- Active: 1873 – ?
- Country: United States
- Allegiance: United States
- Branch: Infantry

= 27th New York Volunteer Infantry Regiment (1873) =

The 27th New York Volunteer Infantry Regiment or the "Westchester Regiment" was formed after the American Civil War after the 3rd Infantry Regiment was disbanded.

==Service==
John Torboss Underhill was elected Colonel of the 27th Regiment in 1873. The paraded at Morrisania in a line formed by Brig. Gen. Ryder. Upon his appointment it was written: "Col. Underhill then took command, and it is to be hoped will soon be enabled to put the regiment in something like working order."

The regiment assembled at Morrisania for fall inspection by Brig. Gen. Blauvelt's Chief of Staff, Col. Jackson. The muster of 320 muskets was commanded by Col. John T. Underhill.

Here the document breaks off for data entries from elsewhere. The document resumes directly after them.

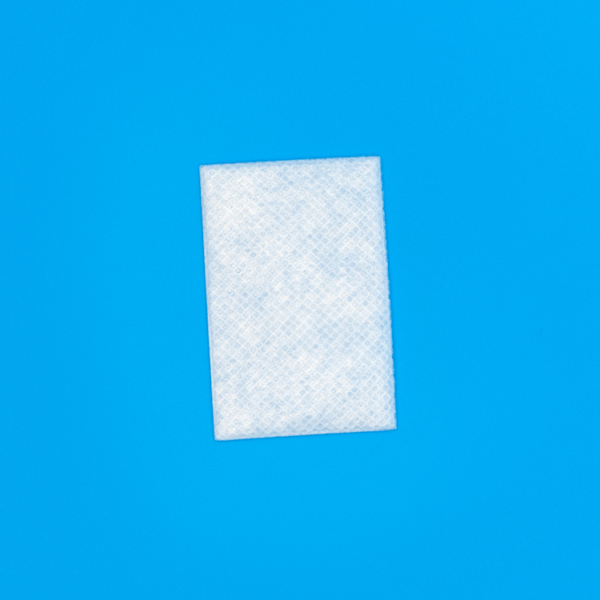 ResMed Airsense 10, AirCurve 10, AirStart, S9 series Compatible 3 Layers Ultra Fine Air Filter - Image 2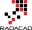 radacad.com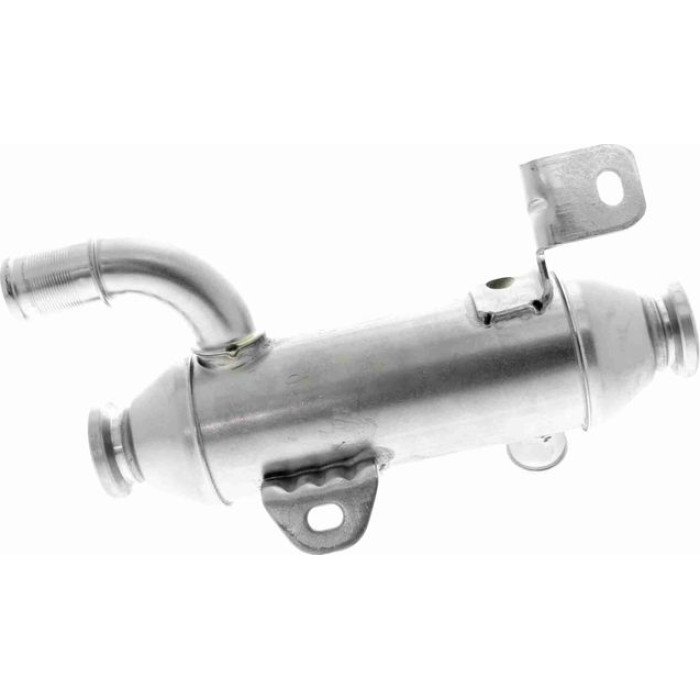 Vemo AGR-Kühler V22-63-0023 Vemo AGR-Kühler V22-63-0023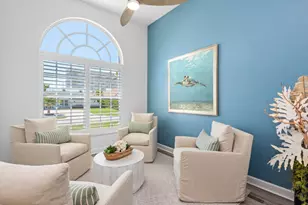 679 Seagrape Dr, Marco Island, FL 34145 - Photo 4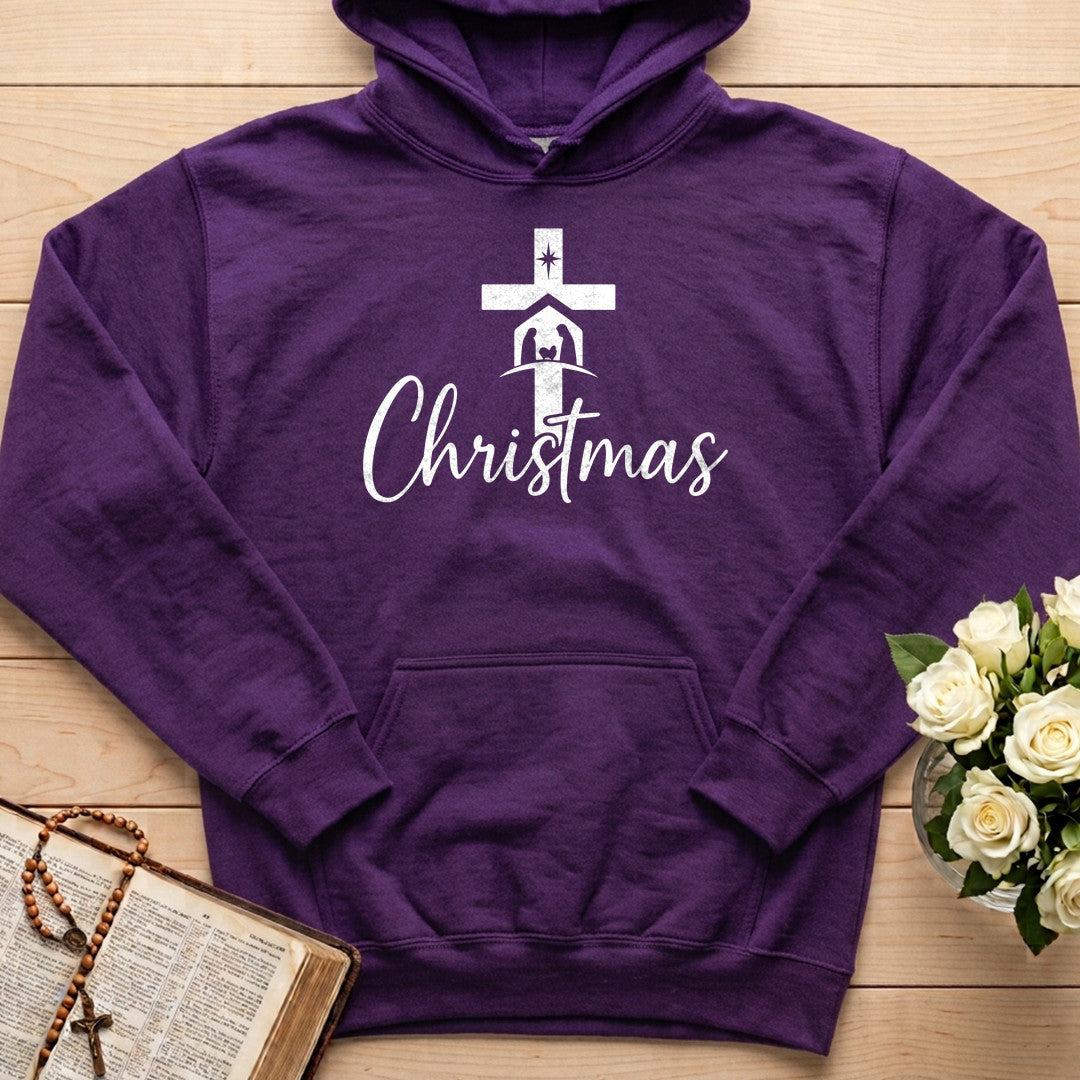 Christmas 09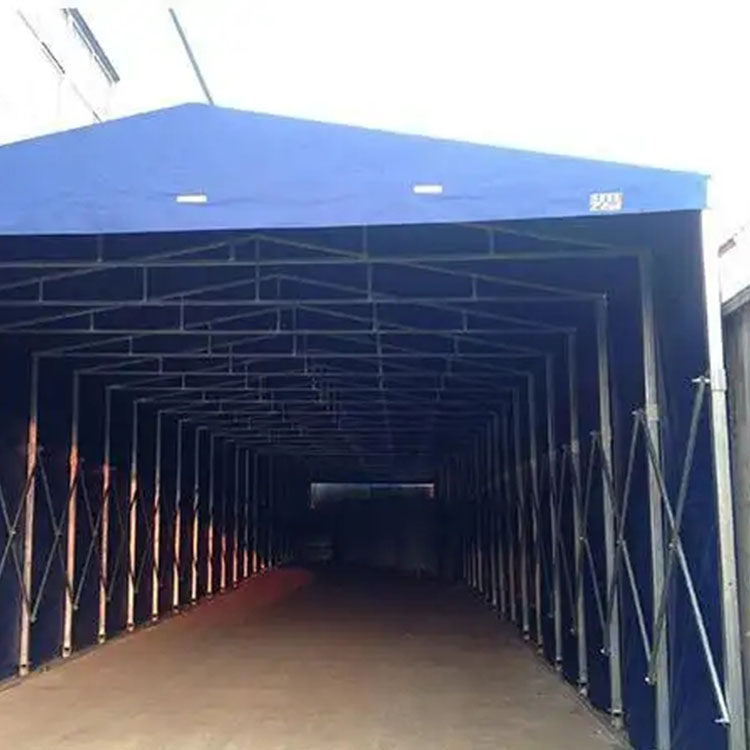 泾川县工程案例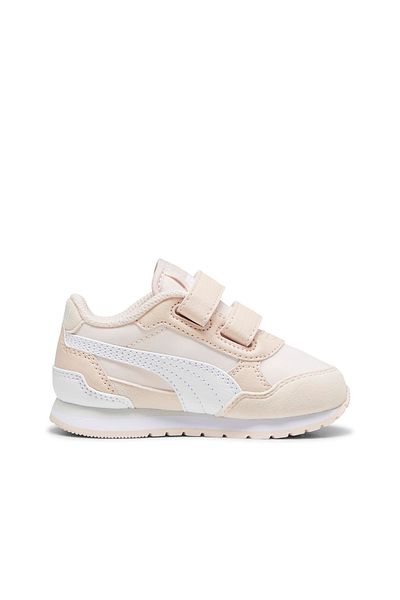 Puma St Runner V4 Nl V Baby Pink Sneakers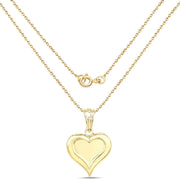 Bids.com 7.05 Grams 925 Sterling Silver Pendant Pendants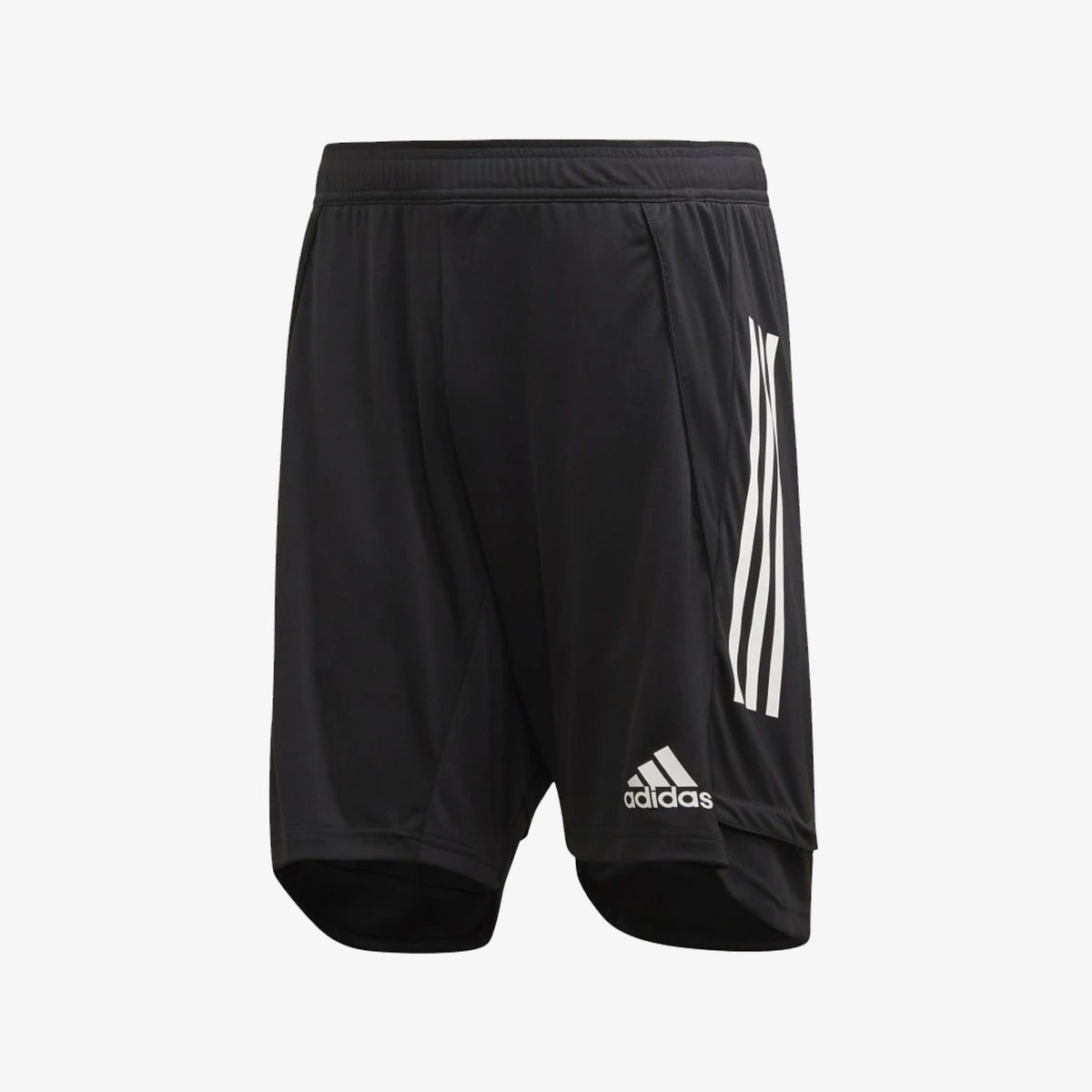 Men&#39;s Condivo 20 Trining Soccer Shorts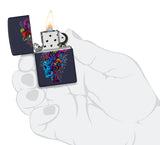 Encendedor Zippo 46958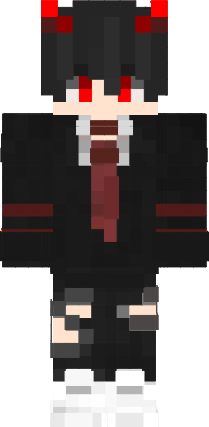 Preview of texture: ゆううううううううう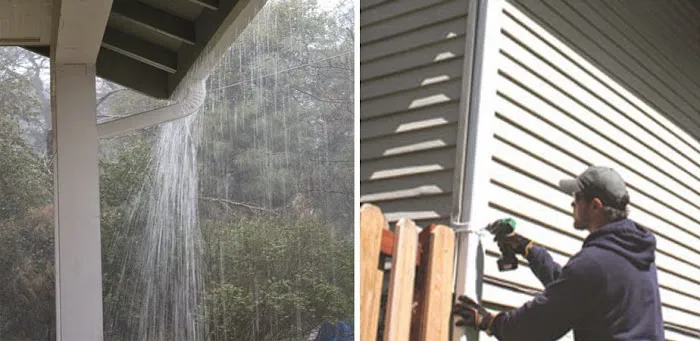 Davis Roofing Picture 7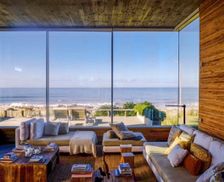 Uruguay Departamento de Maldonado Punta del Este vacation rental compare prices direct by owner 3476098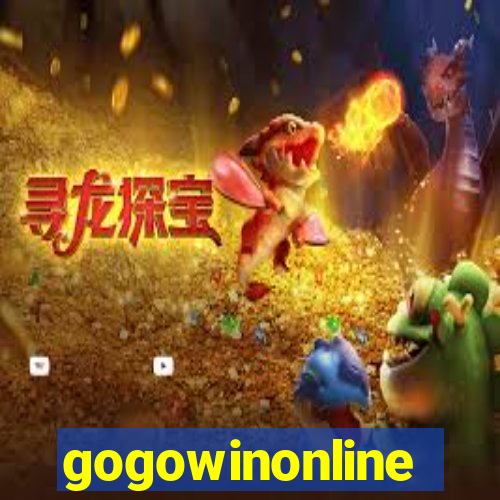 gogowinonline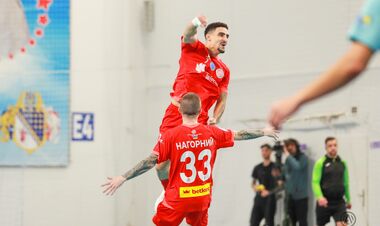 betking Экстра-лига возобновляется после паузы на Евро-2026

While in encampment at Martha's Vineyard in July 1878, so much criticism was made about behavior of the regiment in camp, that Col. John T. Underhill responded publicly. In defense of his men, Col. Underhill said: "The men behaved liked gentlemen, as every islander is ready to testify, and the constant saluting of officers by them was almost tiresome."

Documents from the State Senate of New York in 1881 show an unpaid claim of John Boylan for uniforms provided to the 27th Regiment New York Army National Guard while Col. John Torboss Underhill was commanding it in 1877 and 1878.

==Total strength and casualties==
During a fall inspection at Morrisania by Brig. Gen. Blauvelt's Chief of Staff, Col. Jackson, the muster of muskets commanded by Col. John T. Underhill numbered 320.